§ Task directions: Search through the entries for the word "Exclusive" and copy every line that has it.

[Stored entries]
——

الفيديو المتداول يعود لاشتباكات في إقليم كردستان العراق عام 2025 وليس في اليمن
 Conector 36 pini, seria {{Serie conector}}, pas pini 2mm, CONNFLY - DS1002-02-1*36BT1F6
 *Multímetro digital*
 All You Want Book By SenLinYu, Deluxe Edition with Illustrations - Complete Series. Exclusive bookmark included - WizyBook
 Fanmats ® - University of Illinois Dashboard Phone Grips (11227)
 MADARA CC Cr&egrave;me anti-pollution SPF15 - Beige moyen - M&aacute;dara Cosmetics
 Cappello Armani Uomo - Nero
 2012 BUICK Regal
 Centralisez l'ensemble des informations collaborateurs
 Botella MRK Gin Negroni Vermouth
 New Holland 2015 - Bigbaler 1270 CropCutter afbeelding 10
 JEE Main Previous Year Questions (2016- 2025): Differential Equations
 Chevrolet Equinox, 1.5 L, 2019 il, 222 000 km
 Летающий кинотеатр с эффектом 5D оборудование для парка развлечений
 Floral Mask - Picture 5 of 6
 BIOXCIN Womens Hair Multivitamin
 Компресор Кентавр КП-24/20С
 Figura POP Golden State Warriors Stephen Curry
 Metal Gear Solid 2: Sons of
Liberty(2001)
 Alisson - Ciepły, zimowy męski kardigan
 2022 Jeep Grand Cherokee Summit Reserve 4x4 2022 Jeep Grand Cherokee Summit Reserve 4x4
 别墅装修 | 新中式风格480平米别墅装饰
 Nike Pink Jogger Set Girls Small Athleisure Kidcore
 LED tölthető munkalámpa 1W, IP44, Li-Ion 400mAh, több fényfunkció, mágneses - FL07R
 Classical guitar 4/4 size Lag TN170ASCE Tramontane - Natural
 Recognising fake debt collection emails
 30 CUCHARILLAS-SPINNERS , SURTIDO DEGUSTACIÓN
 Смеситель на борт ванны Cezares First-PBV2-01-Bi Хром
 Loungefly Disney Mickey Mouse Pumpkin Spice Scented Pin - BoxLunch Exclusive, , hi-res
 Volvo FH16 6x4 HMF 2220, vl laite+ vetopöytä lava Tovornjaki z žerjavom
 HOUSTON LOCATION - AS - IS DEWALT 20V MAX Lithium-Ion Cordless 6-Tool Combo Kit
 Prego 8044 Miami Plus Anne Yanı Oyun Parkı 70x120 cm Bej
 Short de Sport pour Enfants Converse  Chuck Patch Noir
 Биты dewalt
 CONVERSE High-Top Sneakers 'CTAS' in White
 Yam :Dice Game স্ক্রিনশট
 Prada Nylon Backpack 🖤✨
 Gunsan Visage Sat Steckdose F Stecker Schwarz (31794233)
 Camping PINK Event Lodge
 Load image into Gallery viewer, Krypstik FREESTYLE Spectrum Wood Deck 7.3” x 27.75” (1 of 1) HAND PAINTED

——

§ Result of the task:
 All You Want Book By SenLinYu, Deluxe Edition with Illustrations - Complete Series. Exclusive bookmark included - WizyBook
 Loungefly Disney Mickey Mouse Pumpkin Spice Scented Pin - BoxLunch Exclusive, , hi-res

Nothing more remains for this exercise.